Edge content, for presenting Web pages, balancing the load from many users, caching data for fast use in many areas. This service is already in widespread use.
Online serving, a flexible foundation for designing and housing complicated applications.
This last service is under development, due to arrive in 2010. "We're working with a few Yahoo properties as anchor tenants," Shugar said, declining to say which exactly.
The online serving interface will be based on Red Hat Enterprise Linux running atop the open-source Xen virtualization software offered by Citrix, Shugar said. "Virtual machines are going to get more and more and more important."
Though open-source software is freely available for the do-it-yourself crowd, Yahoo is in negotiations with some outside parties that will involve commercial relationships, he added.
Linux and virtualization
With virtualization, one server can house multiple operating systems at the same time, and operating system instances can be shuffled from one physical machine to another to adjust to changing demands.

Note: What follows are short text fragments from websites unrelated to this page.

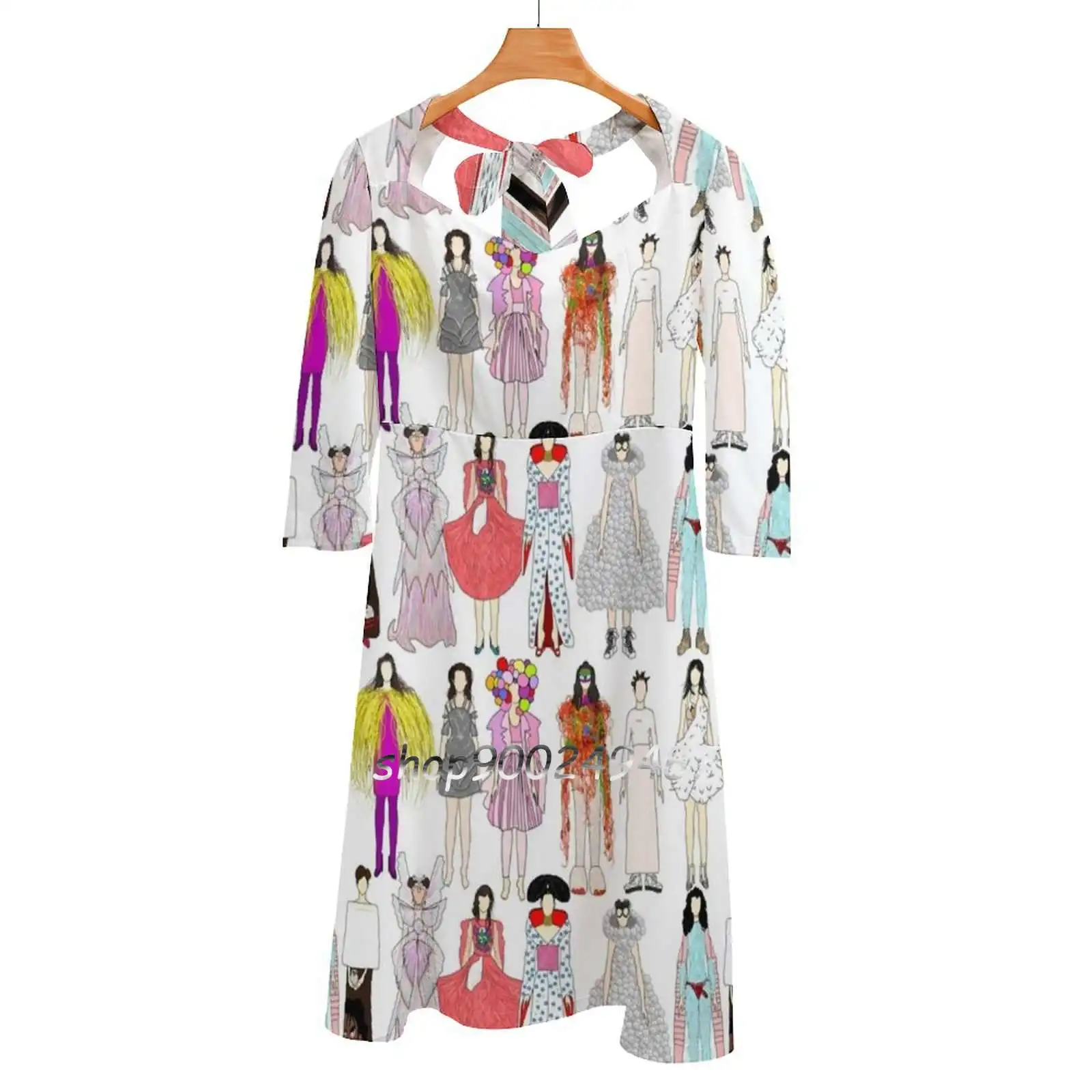 

Женское облегающее платье с квадратным вырезом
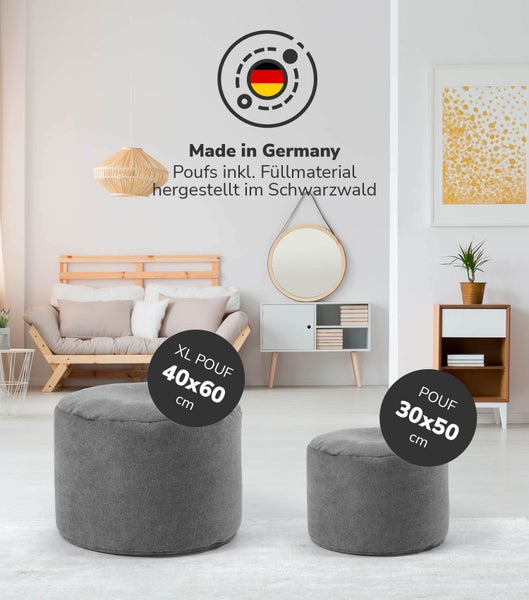 Größenvergleich von zwei Poufs mit den Maßen 60 x 40 Zentimeter und 50 x 30 Zentimeter neben einem 180 Zentimeter großen Mann und einem 85 Zentimeter hohen Sessel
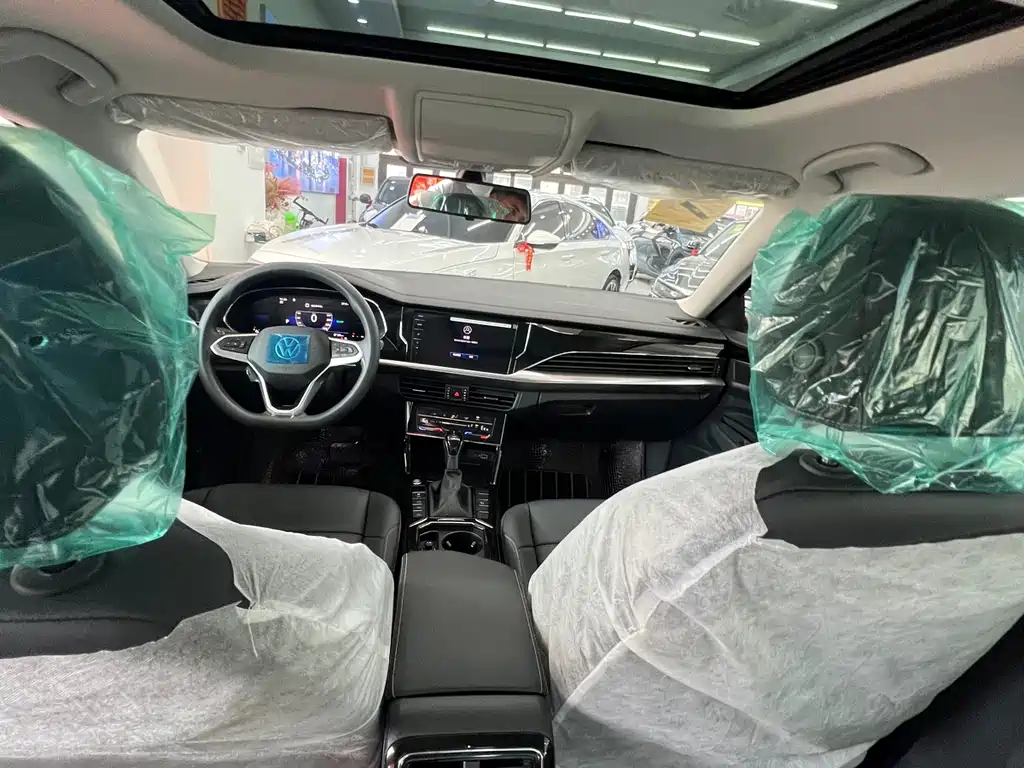 Volkswagen Passat 2025 430PHEV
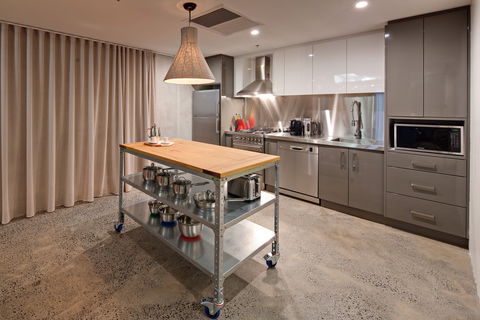 Zara Tower Serviced Apartments - Accommodation Noosa 9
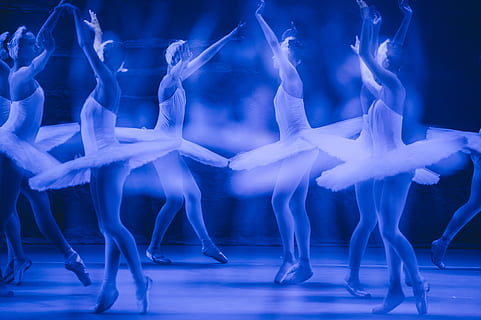 balé, desempenho, dança, dançando, grupo de pessoas, dentro de casa, azul, elegância, movimento, palco, cultura artística e entretenimento, evento de artes cênicas, adulto, adulto jovem, equilibrar, mulheres, pessoas, bailarina, palco - espaço de performance, comprimento total, braço humano, braços levantados, membro humano, 4K, CC0, domínio público, royalty free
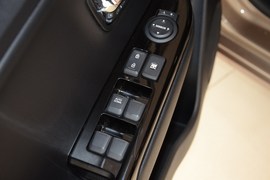 2012款起亚K2两厢1.6L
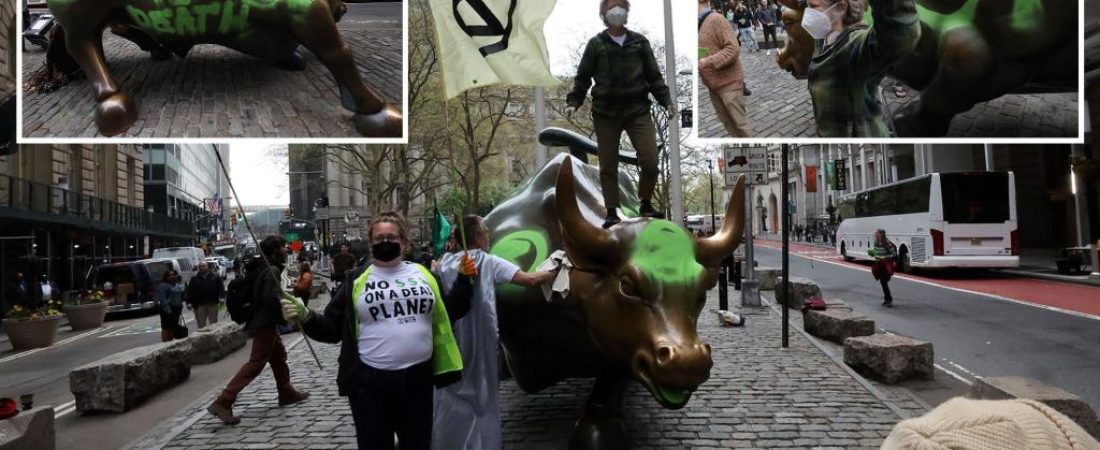 Activistas-ambientales-pintan-el-toro-de-Wall-Street-en-protesta-intriper.jpg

Yahoo has worked with virtualization leader VMware, but the company wants the nitty-gritty control enabled by open-source software.
"We need to be able to tweak it quite a bit for performance, to match it with our hardware," Shugar said.
Open-source software helps with Hadoop, too. Yahoo is the primary contributor to the project at the Apache Software Foundation, but others' participation helps ensure Hadoop stays generally useful.
Most people aren't going to wire up their own Hadoop computing cluster, of course. But "data center" no longer is a term understood just by server administrators and CIOs.
"There are these big data centers behind the scenes supporting all these searching, social networking, information-gathering activities," Shugar said. "Before, it was a business function inside a company. Now the awareness has increased as result of people using the Web. It becomes a topic of general interest."